» Task to carry out: No pictures go into the copy. Write out every line below exactly.

» Web page caption snippets:
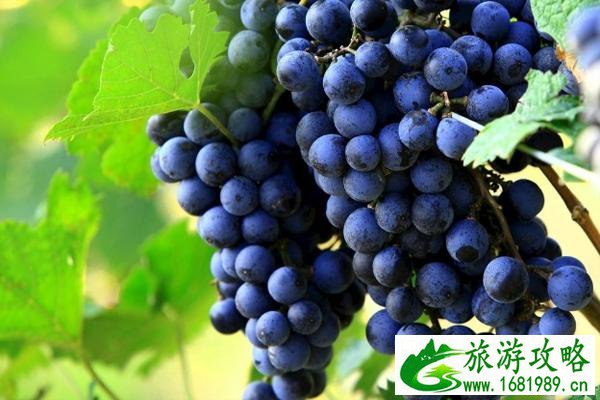 2022福州葡萄采摘园在哪+门票+最佳采摘时间 2022福州葡萄采摘园在哪+门票+最佳采摘时间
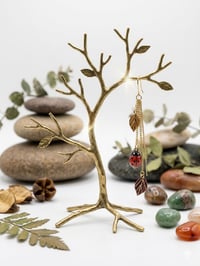 Image 2 of Ladybug 🐞 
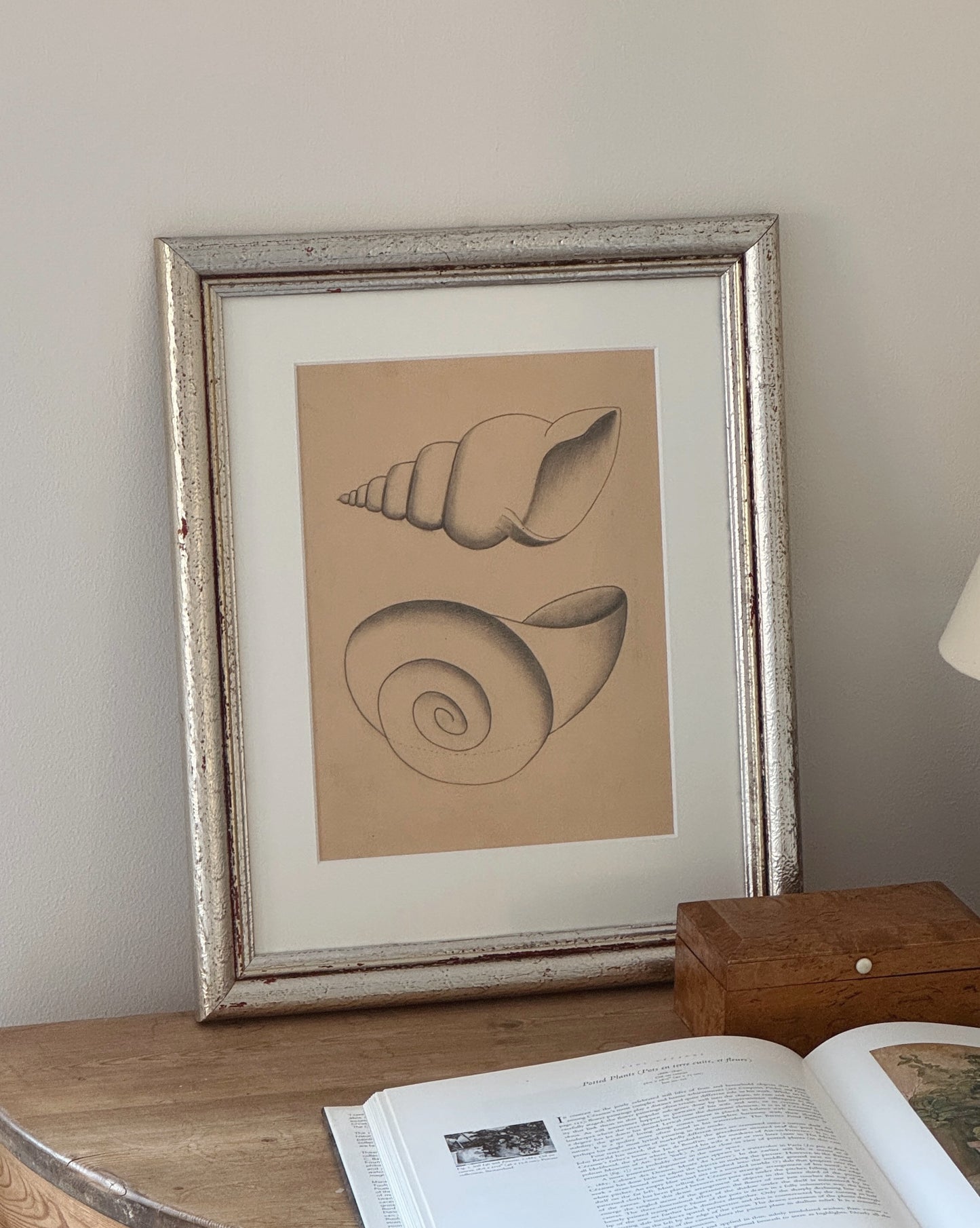 Shell study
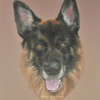 Aldo 
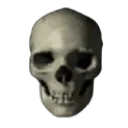 skull_that_died_twice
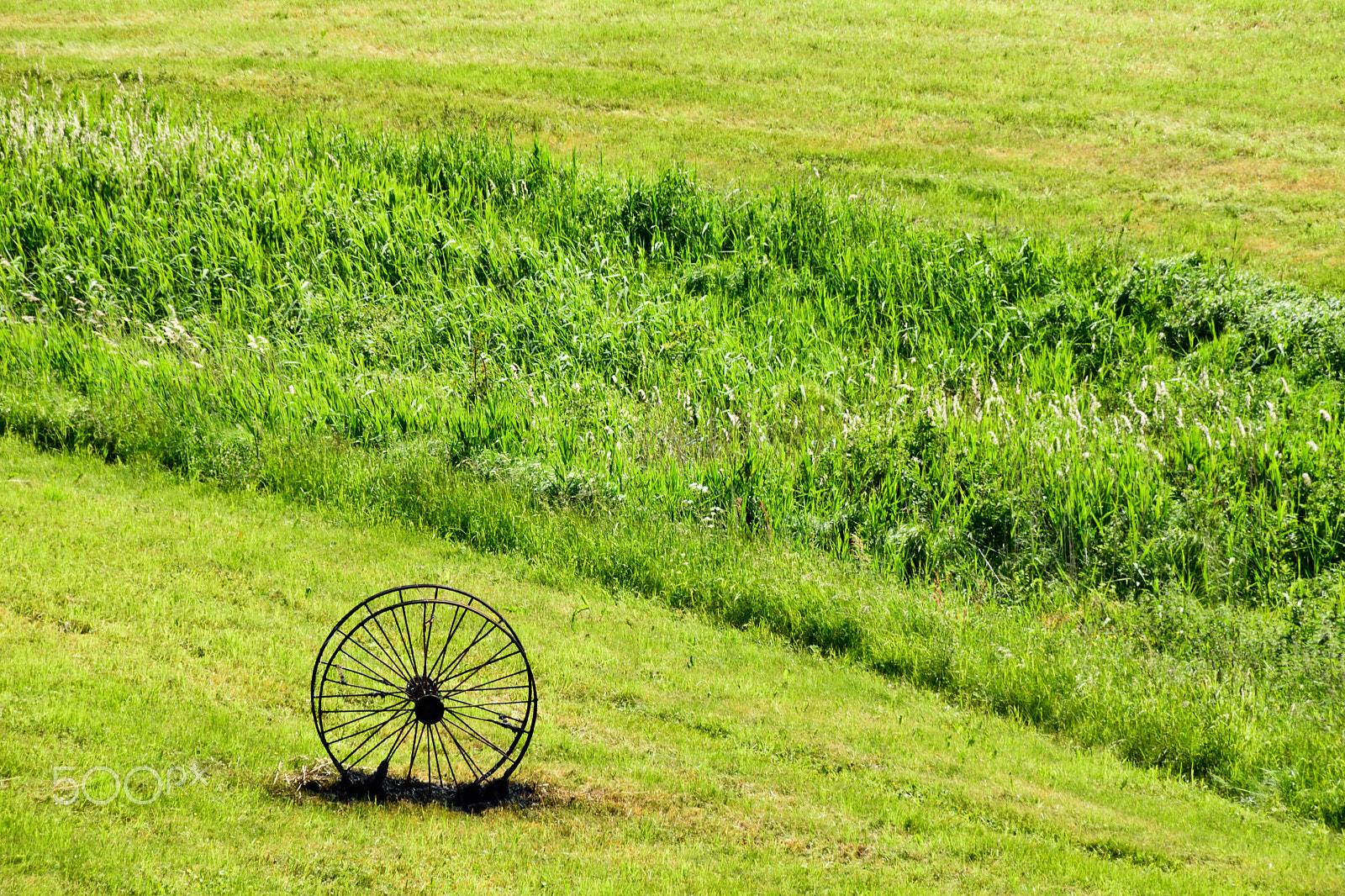 Nikon D3300 + Tamron AF 18-200mm F3.5-6.3 XR Di II LD Aspherical (IF) Macro sample photo. Burnt antique metal carriage wheel in a meadow. photography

» Task solution:
 2022福州葡萄采摘园在哪+门票+最佳采摘时间 2022福州葡萄采摘园在哪+门票+最佳采摘时间
 Image 2 of Ladybug 🐞 
 Shell study
 Aldo 
 skull_that_died_twice
 Nikon D3300 + Tamron AF 18-200mm F3.5-6.3 XR Di II LD Aspherical (IF) Macro sample photo. Burnt antique metal carriage wheel in a meadow. photography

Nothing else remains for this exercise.